Bastid Paul Raymond Marie

Publié le par Rodney42

Révoqué de son mandat de conseiller général par le gouvernement de Vichy en 1941, Paul Bastid milite dans la Résistance, dont le premier organe central, le Comité général d'études (CGE), se constitue en 1942 à son domicile lyonnais. En 1943, il représente le parti radical au Conseil national de la Résistance, en même temps qu'il contribue dans Les Cahiers à la rédaction de la presse clandestine.

En août 1944, il réoccupe le Quai d'Orsay au nom du Conseil national de la Résistance et en dirige quelques jours les services, en attendant l'arrivée du gouvernement d'Alger. En 1944-1945, il est membre de l'Assemblée Consultative provisoire. Dès la Libération, il assume la direction de L'Aurore.

Aux élections à la Première Assemblée nationale Constituante, il présente dans le Cantal une liste républicaine radicale socialiste qui n'obtient que 12 852 suffrages sur 88 083 suffrages exprimés et n'a aucun élu. Aux élections à la seconde Assemblée nationale Constituante il est en tête de la liste du Rassemblement des gauches républicaines dans le département de la Seine (2e secteur), qui obtient 43 568 suffrages sur 452 255 suffrages exprimés et a un élu. Il est réélu à l'Assemblée nationale aux élections du 10 novembre 1946, la liste du Rassemblement des gauches républicaines rassemblant 52 496 suffrages sur 452 158 suffrages exprimés. En 1951, n'obtenant que 8 573 suffrages sur 416 592 suffrages exprimés, il n'est pas réélu. Il ne se représentera pas aux élections de 1956.

Président de la Commission de la réforme de l'Etat, à l'Assemblée Consultative provisoire, il intervient comme tel à la tribune. A la seconde Assemblée nationale Constituante, il prend une part active aux débats constitutionnels. Aux cours de la première législature de la IVe République, il intervient essentiellement sur les problèmes de relations internationales, tels que la conférence de Londres, le Conseil de l'Europe, la ratification du Pacte de l'Atlantique, l'Indochine ou le réarmement allemand.

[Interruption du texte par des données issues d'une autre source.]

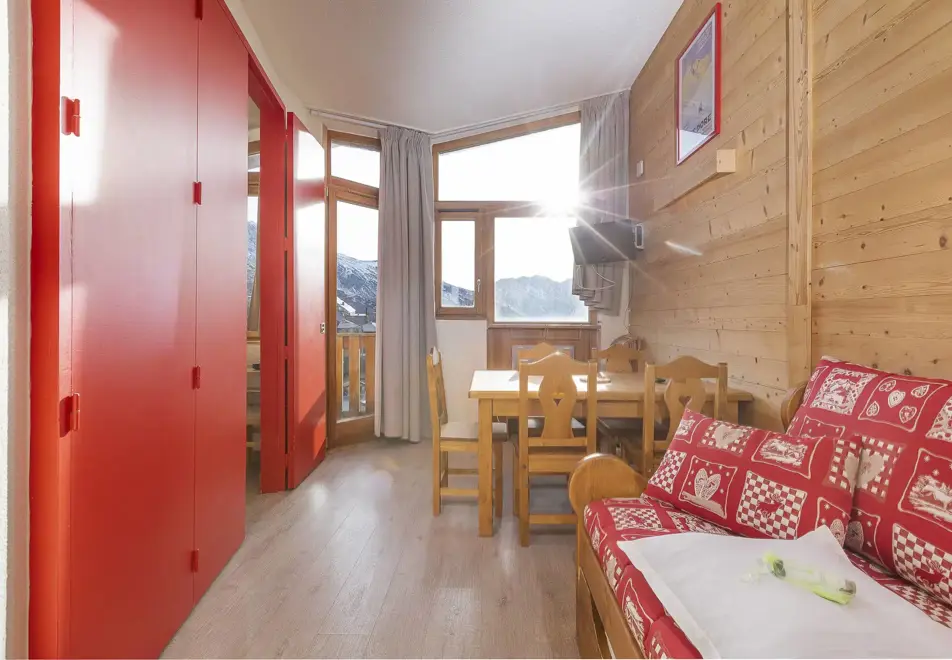 Fontaines Blanches, Avoriaz (self catered apartments) - 1 bedroom 4 charming typical style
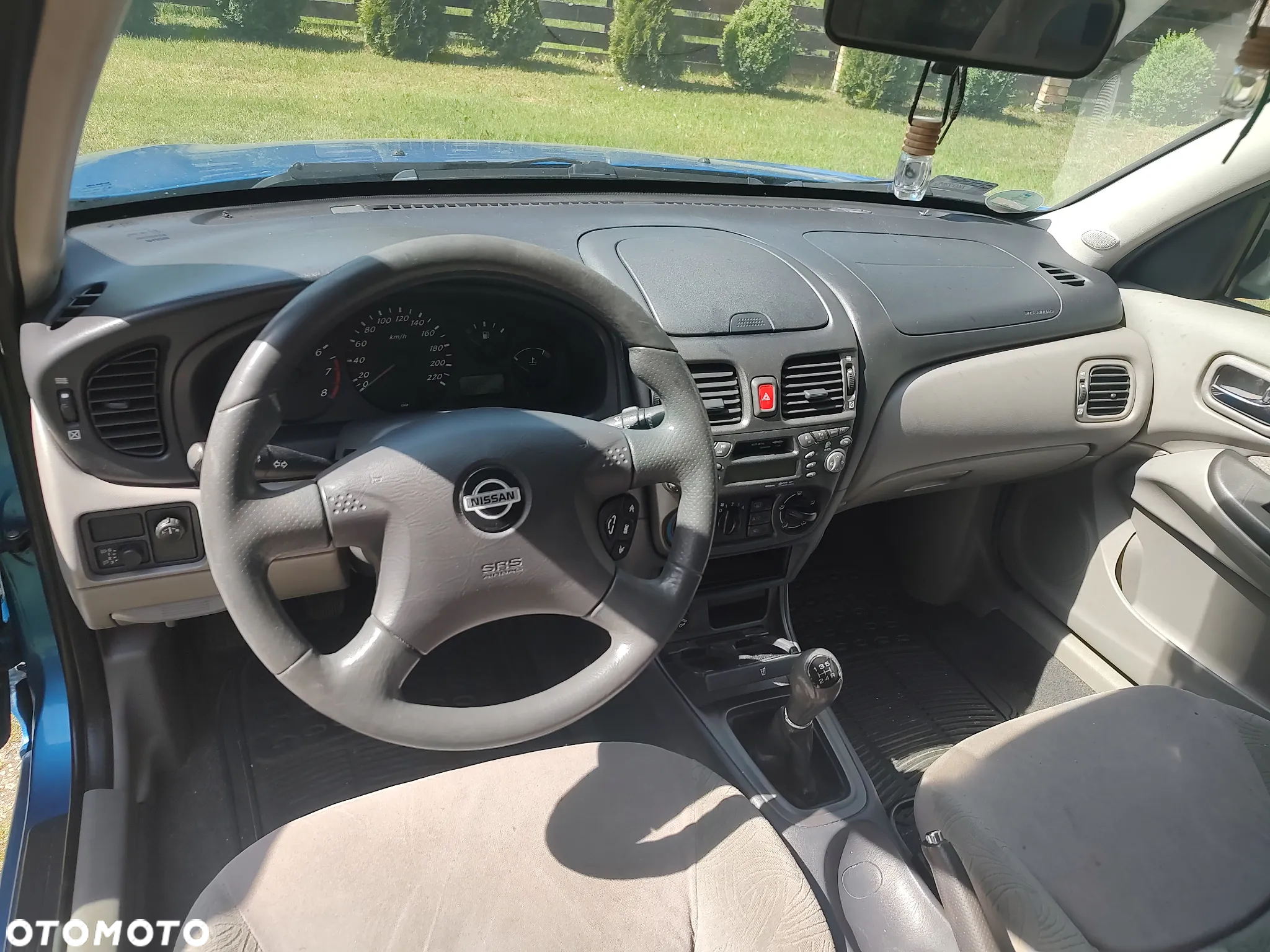 Nissan Almera - 5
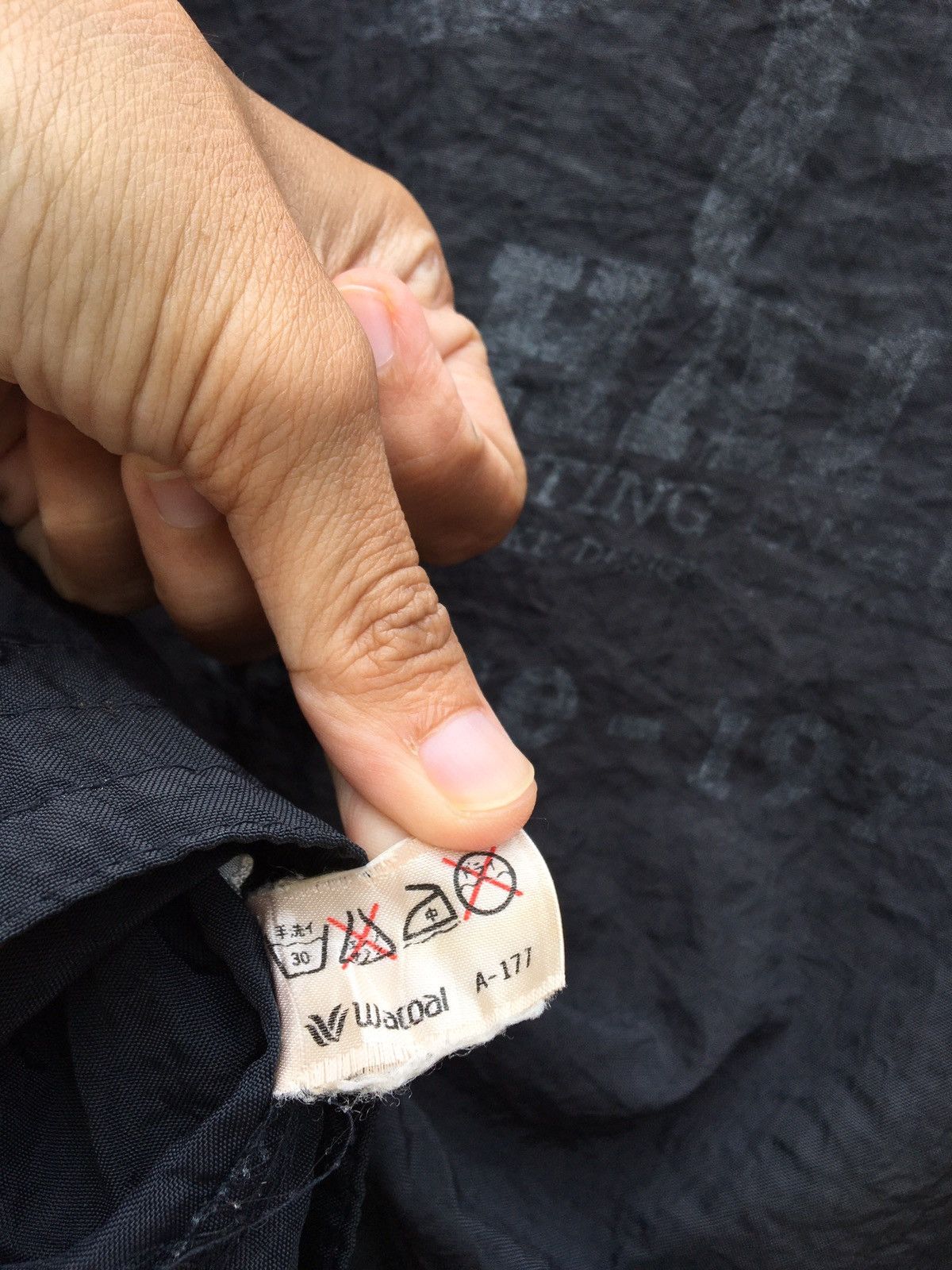 Issey Miyake Vtg 80s Hai Sporting Gear Issey Miyake BigLogo Spellout Jckt Size US L / EU 52-54 / 3 - 15 Thumbnail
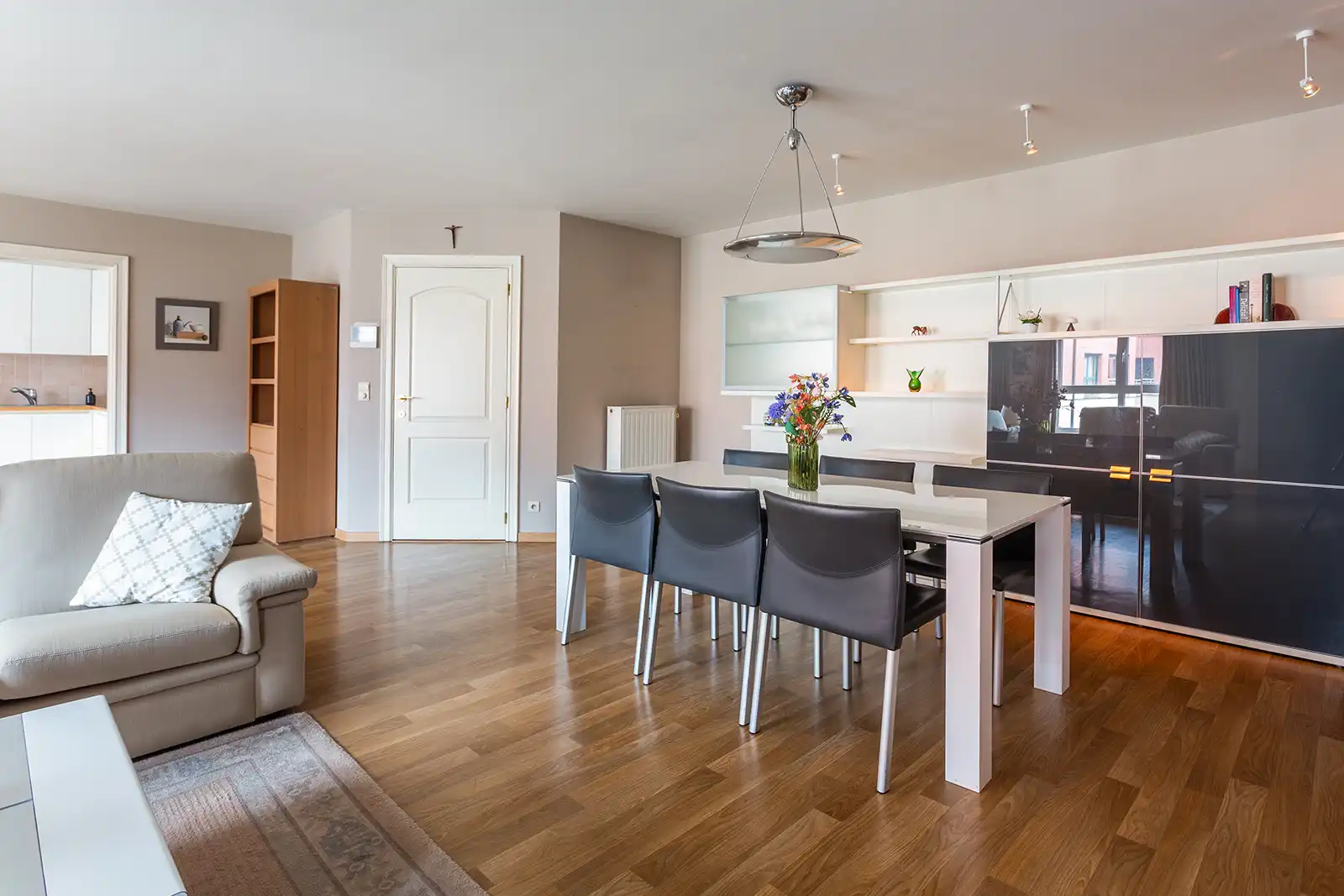 141 m² wooncomfort en twee ruime terrassen foto 6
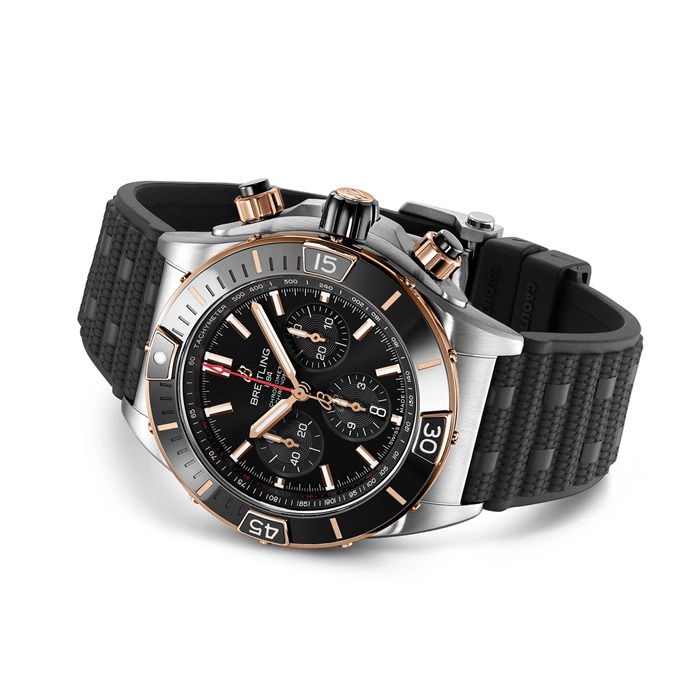 Montre Breitling Super Chronomat B01 44 en acier inoxydable et or rouge 18k UB0136251B1S1 – Image 3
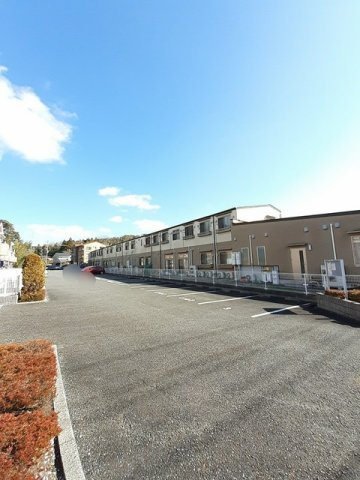 エスポワールＣの駐車場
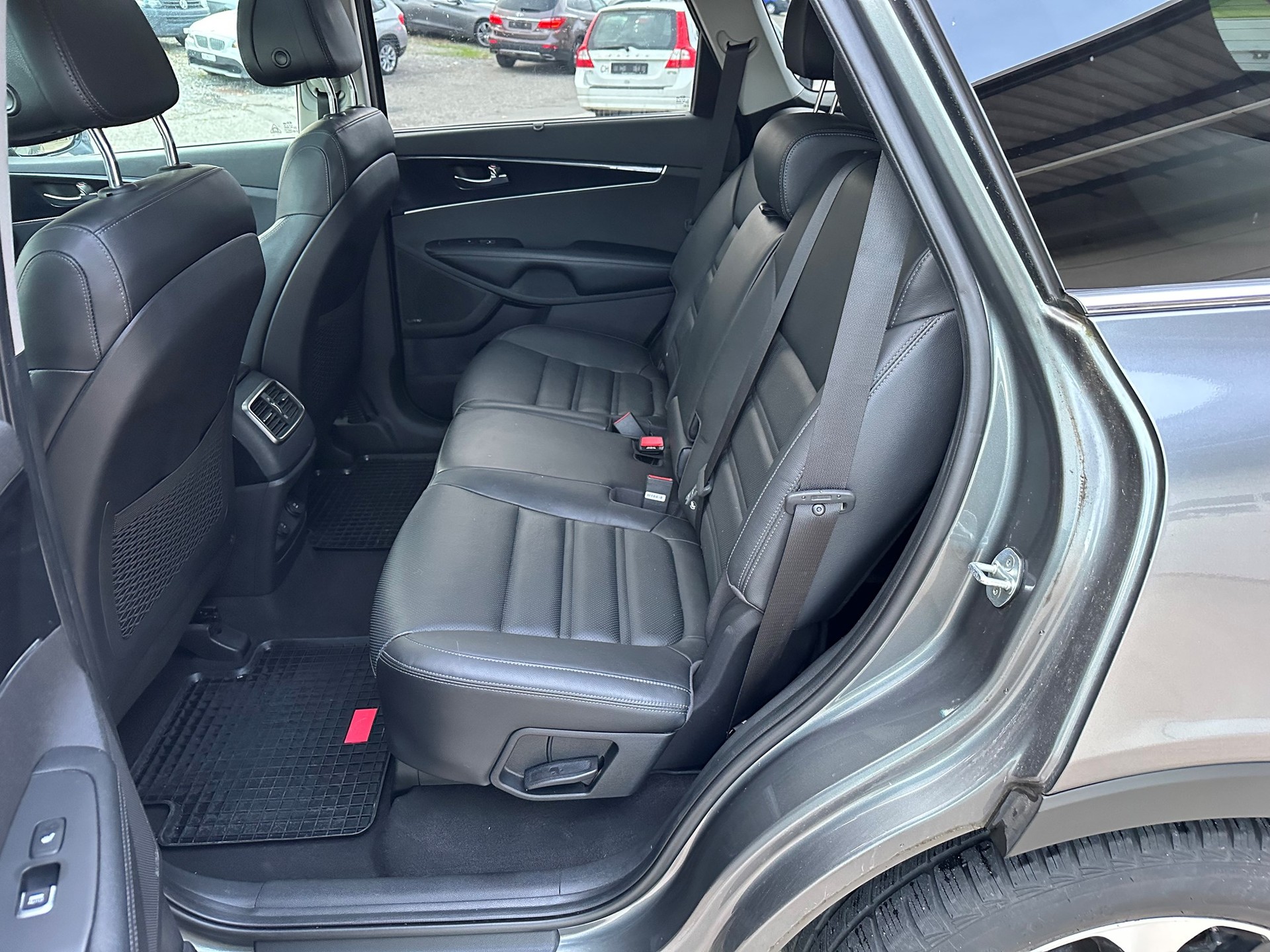 KIA Sorento 2.2 CRDI Style 5P. Automatic-image-7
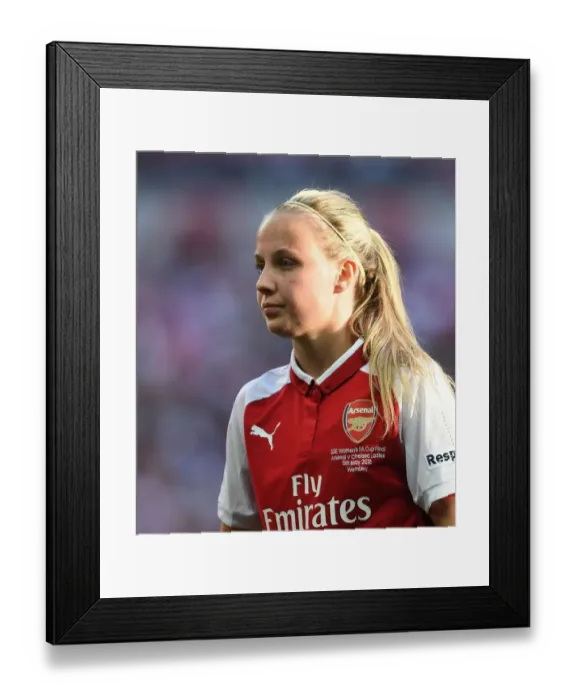 Framed Print : Beth Mead in Action: Arsenal Women vs. Chelsea Ladies - FA Cup Final 2018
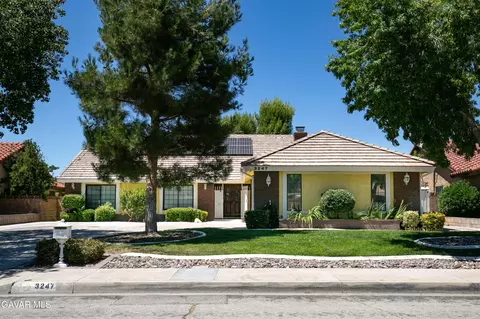 3247 Larwood Dr, Lancaster, CA 93536
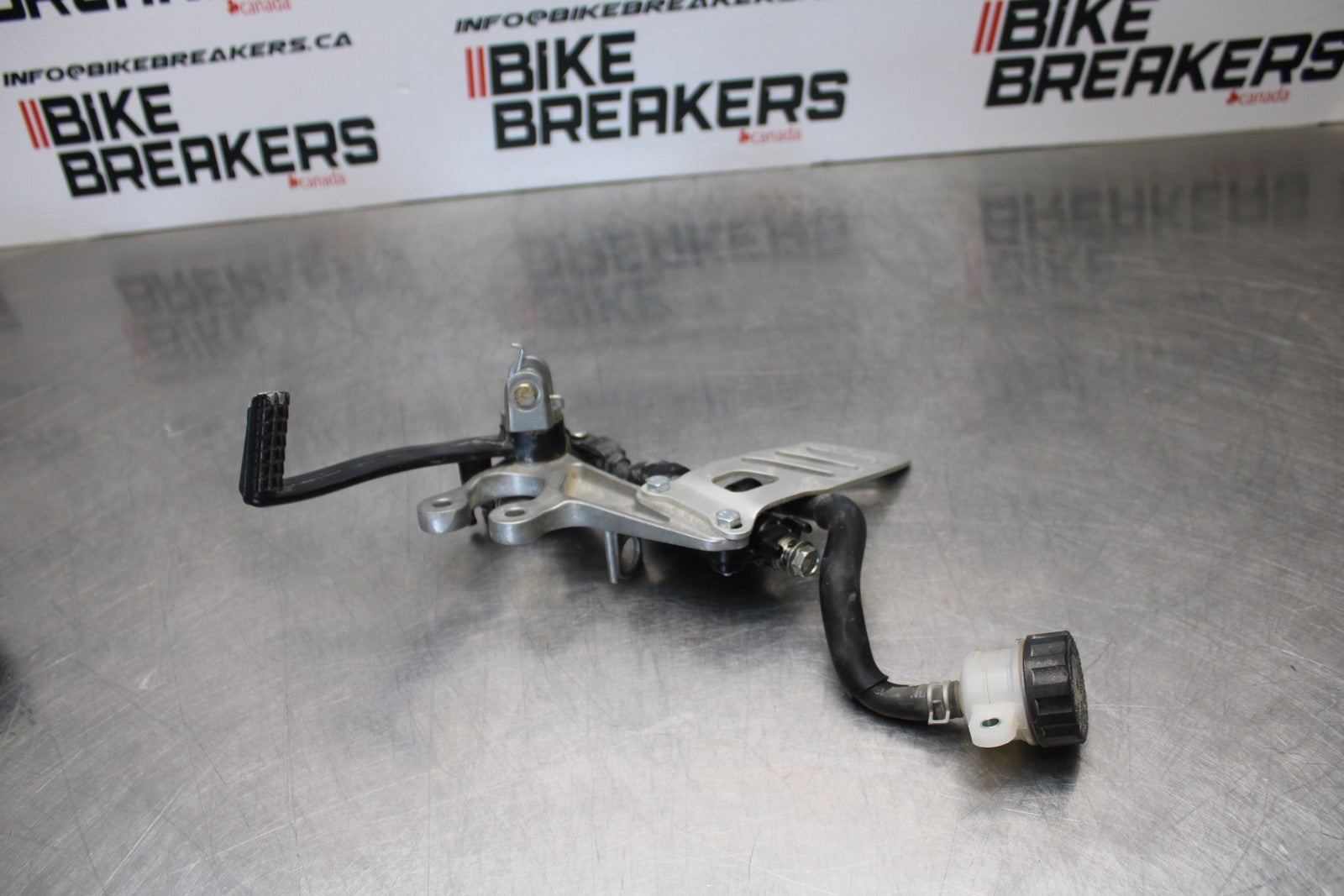 11-22 SUZUKI GSXR 600  RIGHT REARSET REAR SET DRIVER FOOT PEG REST STOP BB193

Ses publications sont multiples (droit, histoire, roman, poésie). Citons parmi les principales : Siéyès et sa pensée (couronnée pour l'Académie française), Doctrines et institutions politiques de la Seconde République (grand prix Gobert de l'Académie française), Les Institutions politiques de la Monarchie parlementaire française, Le Gouvernement d'Assemblée. En outre, il a collaboré à de nombreuses revues juridiques et historiques. Paul Bastid était Grand-croix de douze ordres étrangers, chevalier de la Légion d'honneur, et décoré de la Médaille de la Résistance avec rosette.